■ **Work to be completed**
Copy each entry precisely as written, and do not carry over the pictures.

Items listed in a dataset
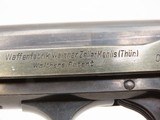 WALTHER M1936 “Olympia” .22 S RF Semi-Automatic TARGET Pistol C&R /HOLSTERManufactured circa 1942 with “Eagle/N” Proofs - 8 of 21
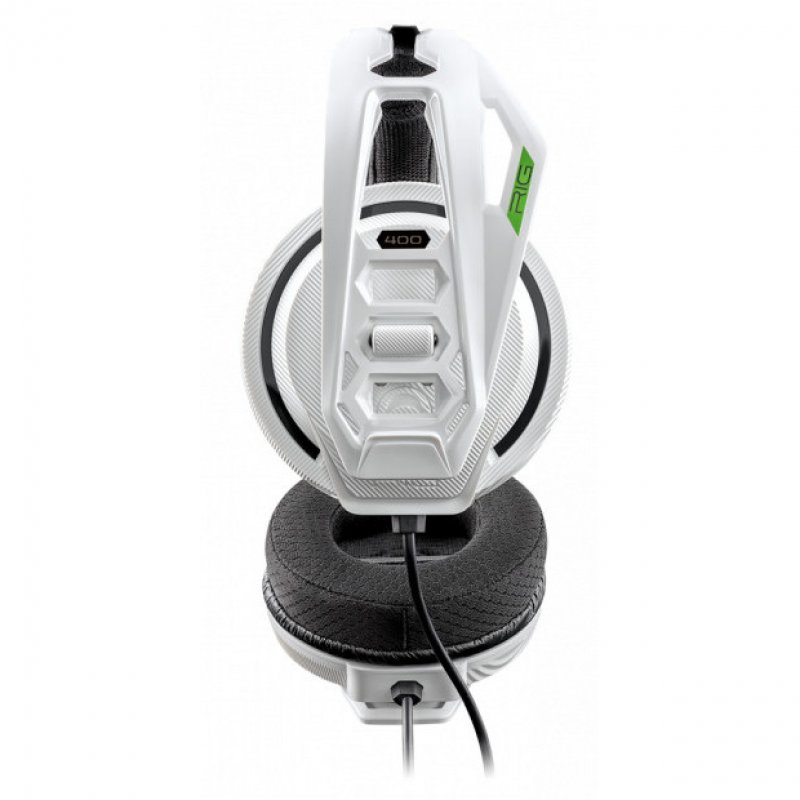 Detalle 2 de Nacon RIG 400HX: auriculares gaming para Xbox One, blancos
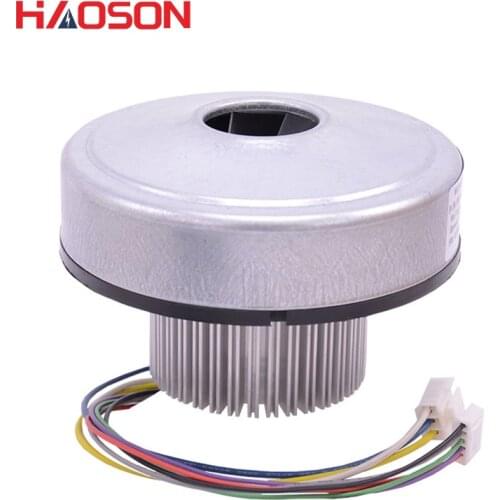 Dia.106mm DC24/48V 160W brushless blower fan, high pressure low noise centrifugal fan, air blower for Vacuum WS10690-24-200-X200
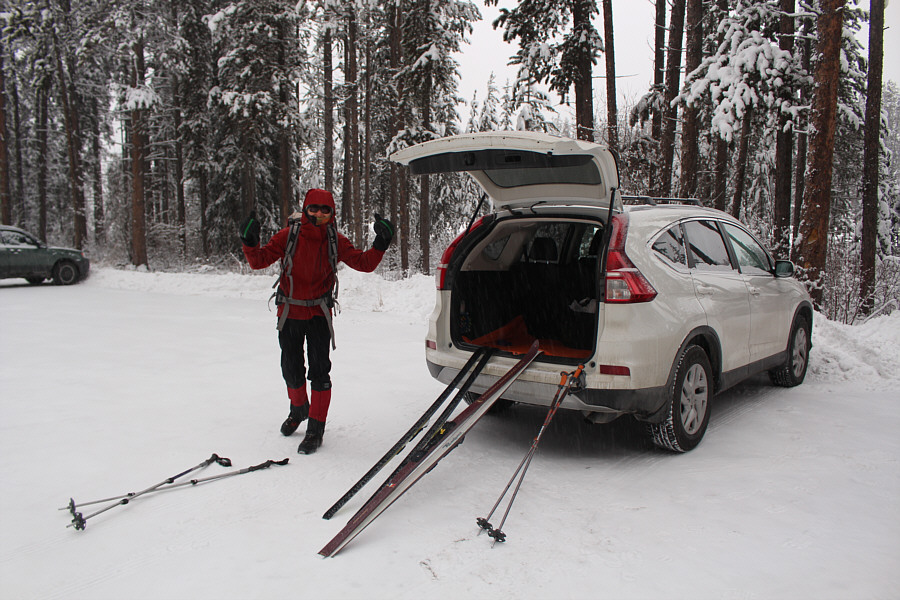 Brrrr...why am I not in my warm bed right now??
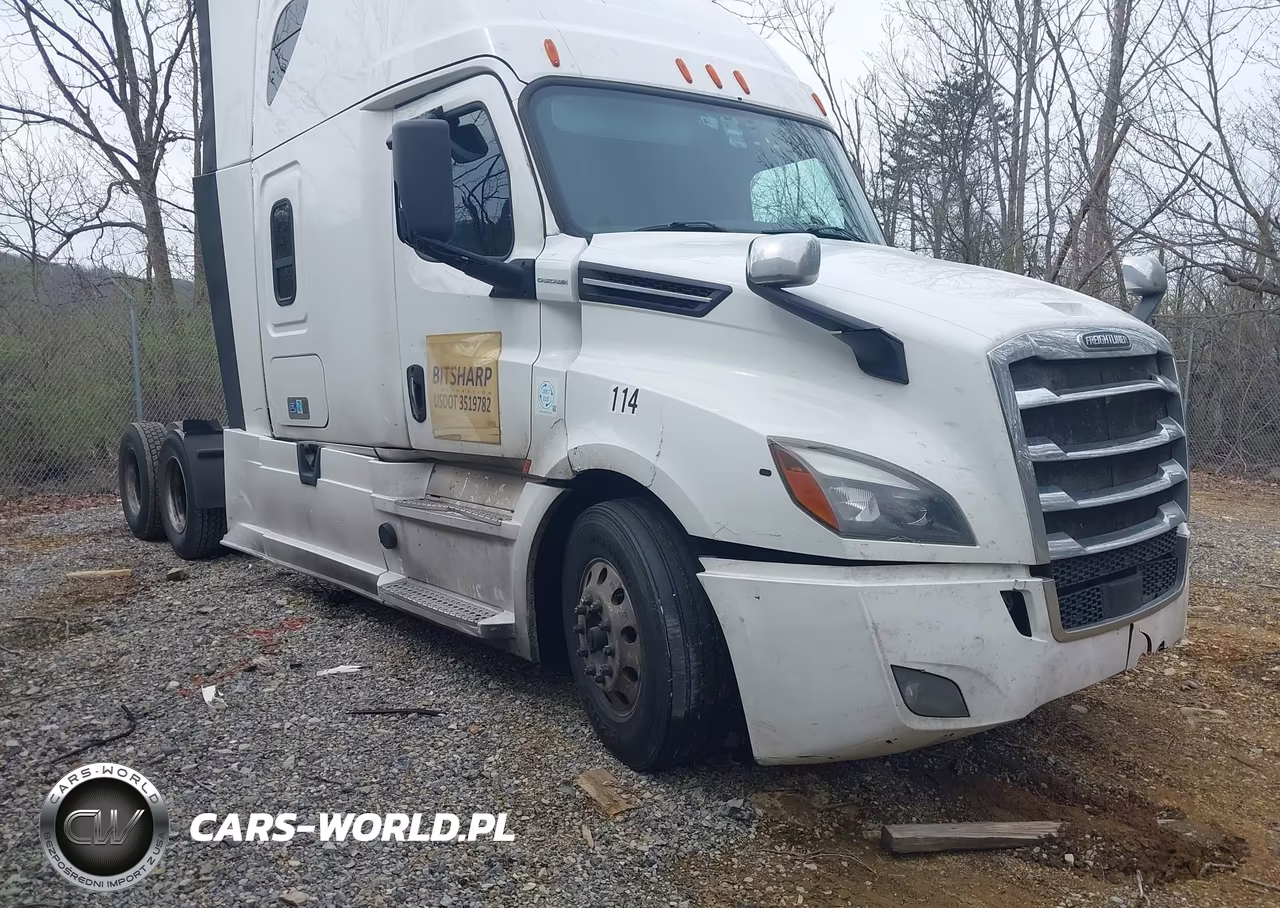 2019 Freightliner New Cascadia 126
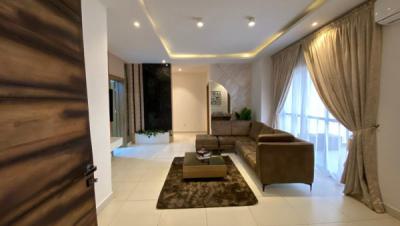 3 Bedroom Fully Furnished Penthouse, Lekki, Lagos, Flat / Apartment for Rent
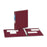 Avery Consumer Products 3-Ring EZD Binder, 1"Cap, 8-1/2"x11", Maroon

■ **Task solution**
 WALTHER M1936 “Olympia” .22 S RF Semi-Automatic TARGET Pistol C&R /HOLSTERManufactured circa 1942 with “Eagle/N” Proofs - 8 of 21
 Detalle 2 de Nacon RIG 400HX: auriculares gaming para Xbox One, blancos
 Dia.106mm DC24/48V 160W brushless blower fan, high pressure low noise centrifugal fan, air blower for Vacuum WS10690-24-200-X200
 Brrrr...why am I not in my warm bed right now??
 2019 Freightliner New Cascadia 126
 3 Bedroom Fully Furnished Penthouse, Lekki, Lagos, Flat / Apartment for Rent
 Avery Consumer Products 3-Ring EZD Binder, 1"Cap, 8-1/2"x11", Maroon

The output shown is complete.